The one area in which any president has almost complete latitude is foreign affairs. Lord save us.

Lord save the world, actually. President Trump is making rash and risky moves that promise either brilliant success or catastrophic failure. Given that it’s Trump we’re dealing with, I do not like the odds.

I can only applaud his achievement in securing the release of Kim Dong-chul, Tony Kim and Kim Hak-song, the three Americans who were being held in North Korea on baseless charges — apparently as bargaining chips. Secretary of State Mike Pompeo flew to Pyongyang to bring them home, and Trump was there to meet them when they arrived before dawn Thursday at Joint Base Andrews outside Washington.

“We want to thank Kim Jong Un, who was really excellent,” Trump said. It was an odd way to describe a dictator who leads one of the most brutal and secretive regimes on Earth — a man whose nuclear weapons and ballistic missiles, according to Trump and his advisers, pose a grave and unacceptable threat to the United States and its allies.

Trump announced later Thursday that he and Kim the Excellent (formerly known as Rocket Man) will hold their much-anticipated summit on June 12 in Singapore. I remain skeptical that Kim will ever give up his hard-won nukes and missiles, even for an ironclad U.S. promise never to attack or seek regime change, which is what Kim says he wants. I believe Kim looks at Trump and sees unprecedented opportunity.

Kim is finally getting one thing that North Korean leaders have always sought — one-on-one negotiation with a U.S. president as equals. I believe Trump was right to agree to a summit, since the policy of not talking hasn’t worked. But a lot more groundwork should have been laid, and I fear Trump will return with a bright, shiny package full of promises that turn out to be empty.

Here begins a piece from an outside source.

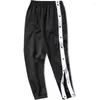 Pantaloni da uomo Arrivo Hip Hop Streetwear Pantaloni da jogging Uomo Studente Pantaloni cargo casual Pantaloni con bottoni aperti Vita elastica Ragazzi larghi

I understand why Kim would want to get out from under international sanctions and offer his oppressed people enough economic growth to make his own position more secure. I also understand why he might want to signal officials in neighboring China that if they are not more forthcoming with money, technology and other goodies, North Korea has another suitor knocking at the door.

But there’s no reason to prejudge the summit’s outcome when we don’t even really know the agenda. Kim has already declared a pause in his provocative nuclear and missile testing. Maybe he and Trump will emerge with a pact to reach a more substantive agreement at a later date. That would be a good thing — while we’re talking, we’re not shooting — and Trump would have achieved something worthwhile.

That credit is negated, however, by Trump’s unjustifiable and reckless decision to renounce the Iran nuclear deal. Of all the bad decisions Trump has made as president, this is the most dangerous. He seems to be trying to start an unthinkable war.

Officials in Germany, France and Britain have pledged to try to keep the agreement alive. But with the Trump administration already threatening to impose sanctions on European firms that continue to do business with Iran, it is unclear whether the deal can survive without the world’s leading economic power and most important reserve currency.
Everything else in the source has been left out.